The government-planned townships: a tale of under-development.

Introduction

Today, slightly over half of the Negev Bedouin--around 83,000 individuals--live in the seven government-planned townships: Tel Sheva, Rahat, Segev Shalom, Kuseife, Ar'ara, Hera, and Laqye. All seven of these are urban localities, despite the fact that the Bedouin who were relocated to them had a nomadic tradition in the more distant past, and a farming tradition in the immediate past. The government planners did not offer the Bedouin alternative types of communities that are available to the majority in Israel, such as moshavim or villages, which are more similar to their historical experience. The irony is unmistakable: Jews who had been city dwellers for generations and arrived in Israel

in the 1950s and '60s were sent to rural locales in order to engage in farming and raise sheep, while the Bedouin, who for innumerable generations made a living from sheep grazing and farming, were relocated to urban localities.
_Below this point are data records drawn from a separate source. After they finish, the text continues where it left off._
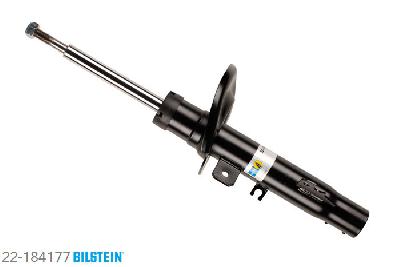 22-184177, Bilstein B4  Gas Schokdemper vooras rechts, Peugeot 207 SW (WK_), 1.4,  1.4 16V,  1.6 16V,  1.6 HDi, 06/2007-, with standard chassis / Front axle strutdiameter 47 mm, Standaard lengte, geschikt voor gebruik met verlagingsveren tot -30mm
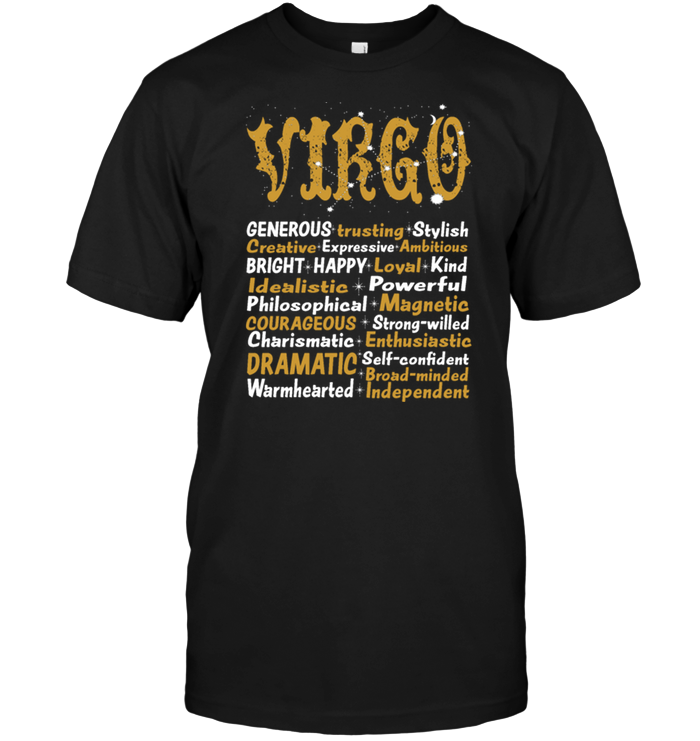 Virgo Geneous Trusting Stylish Creative Expressive Ambitious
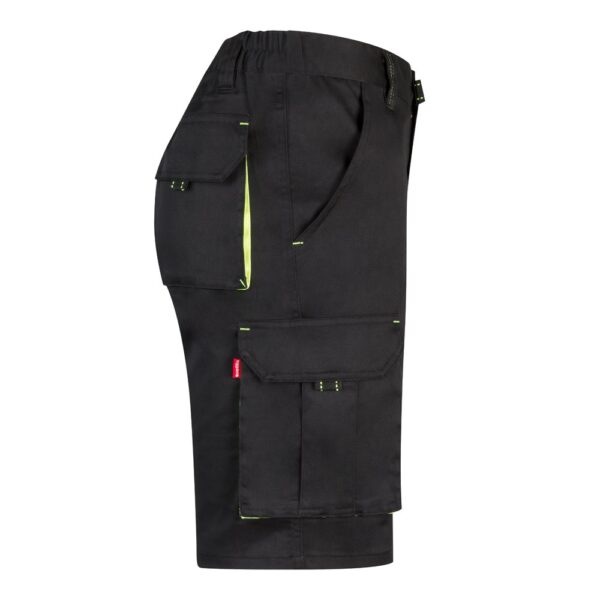 VL HEMERA. Two-tone, multi-pocket stretch Bermuda shorts (240g/m²), in cotton (46%), EME (38%) and polyester (16%)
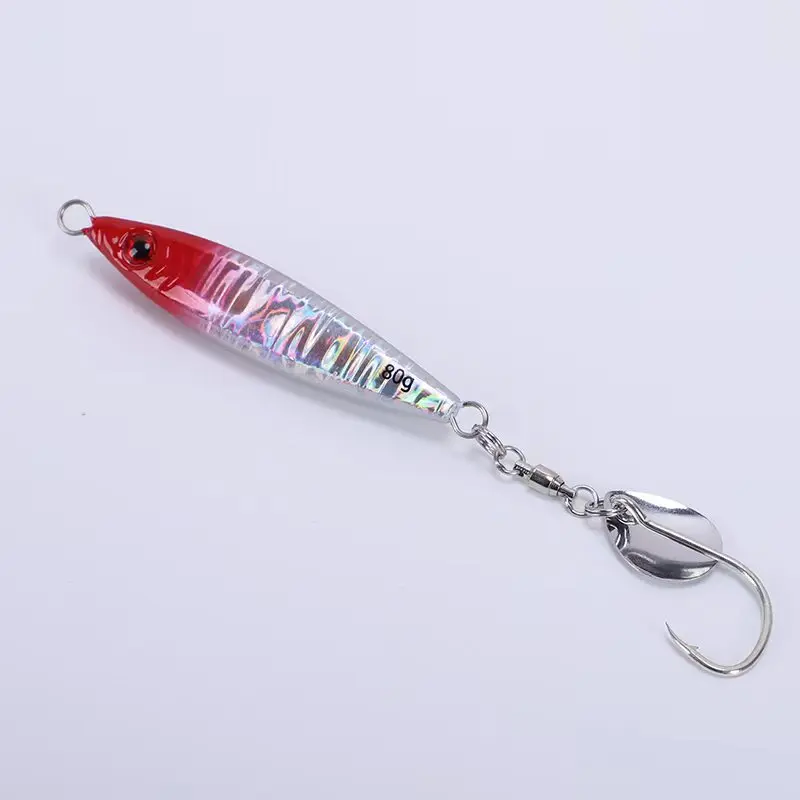 30g 40g 60g 80g brillo luminoso metal lubina caballa amarillo croaker snapper señuelo de pesca cebo de pesca fundido jigging señuelo barco - imagen 5
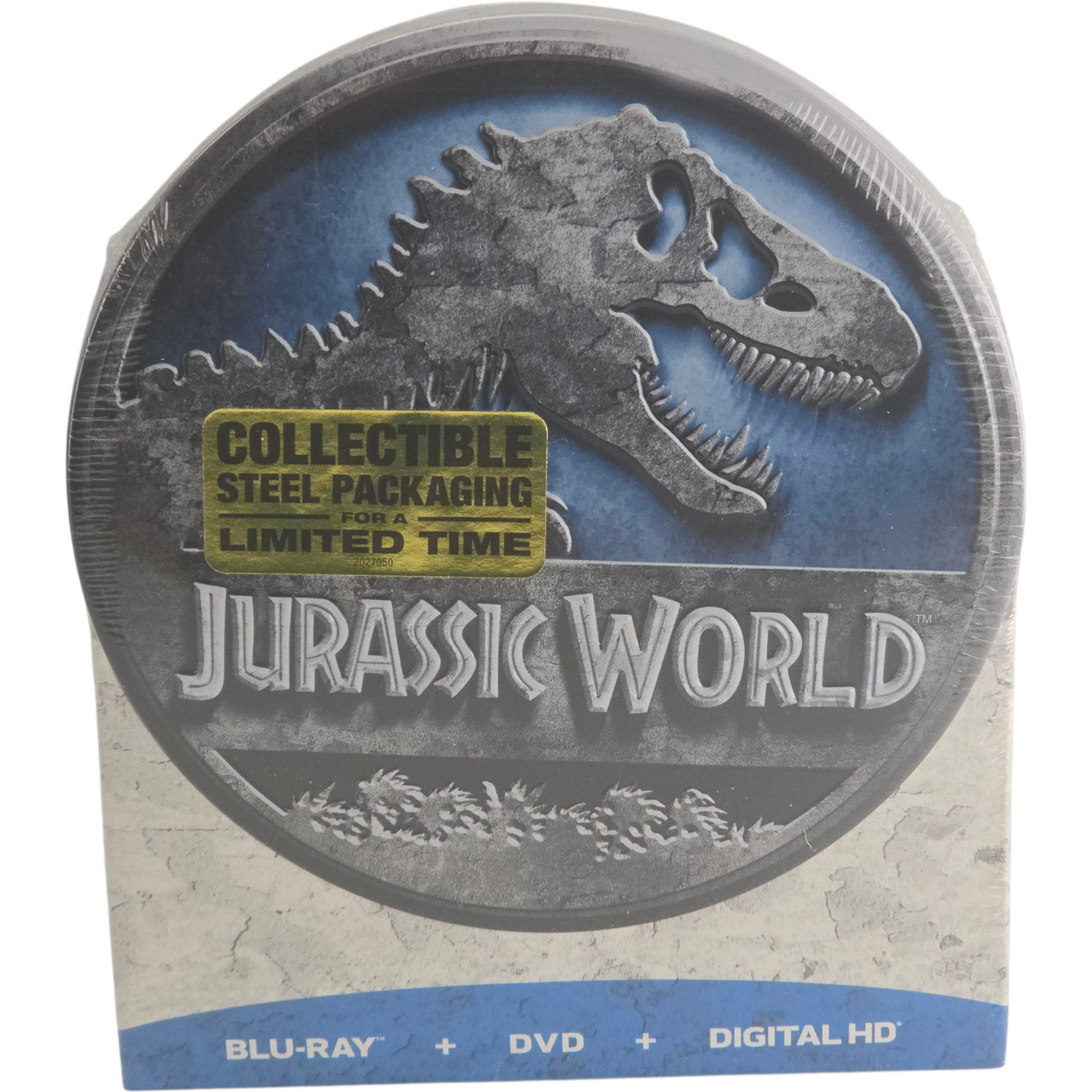 Jurassic World (2015)  Blu-ray Boîtier arrondi collector Metal Débossé  Zone A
One possible explanation for this policy that cultural anthropologists are likely to advance is that the authorities adopted this approach in an attempt to accelerate Bedouin transition from "traditional" to "modern" society. In our eyes, a more likely explanation is that urbanization makes it possible to relocate a large number of Bedouin in a small space. Had Moshe Dayan's opinion, advocating moving the Bedouin to cities in central Israel, been accepted in the 1960s, an even greater saving in land might have been made, since at the time it would have been possible to put the Bedouin in cramped public housing projects, like those in which many of the Jews who came from the Arab countries at that time were housed.

The argument that the policy of relocating the Bedouin in townships was guided by land-economy considerations rather than by "urbanization" or "modernization" ones is underpinned by the fact that "urban" Bedouin locales have remarkably few urban characteristics. For example, while Rahat has a municipal library building--the only one in all the Negev Bedouin townships--a visit that we made in March 2005 revealed that something was missing in this building--books. In Rahat's new library building, not a single book was to be found, despite the fact that it has been up for over a year ...

Most of these locales are 20 years or more old, but they still lack urban infrastructure, as well as any economic infrastructure worthy of the name. As a result, not only are they unable to provide their residents with employment: they are also incapable of maintaining any reasonable level of urban services. In addition, the government services in these townships are exceptionally low in level.

As far as infrastructure systems are concerned, the "recognized" Bedouin townships' situation is very similar to that of all the Arab locales in Israel. At the end of the 1970s, at the beginning of the operation to set up the seven Bedouin townships, many Arab villages in the northern and central parts of Israel still had no sewerage systems, no electricity and no paved roads (Lustick, 1980:191). Even in the early 1990s, there was no proper sewerage infrastructure in most Arab localities in Israel (Benziman and Mansur, 1992:190).

When it comes to infrastructure levels, the state institutions involved in planning and setting up urban locales would appear to use different yardsticks depending on whether they are dealing with Jews or Arabs. And yet the amazing thing is that while the Arab villages in the north of Israel existed prior to 1948, and hence the State can argue that it has problems in installing infrastructure in a built-up area, the Bedouin townships in the Negev are brand new localities, planned by the state, and so there should have been no difficulty whatsoever when it came to installing infrastructure.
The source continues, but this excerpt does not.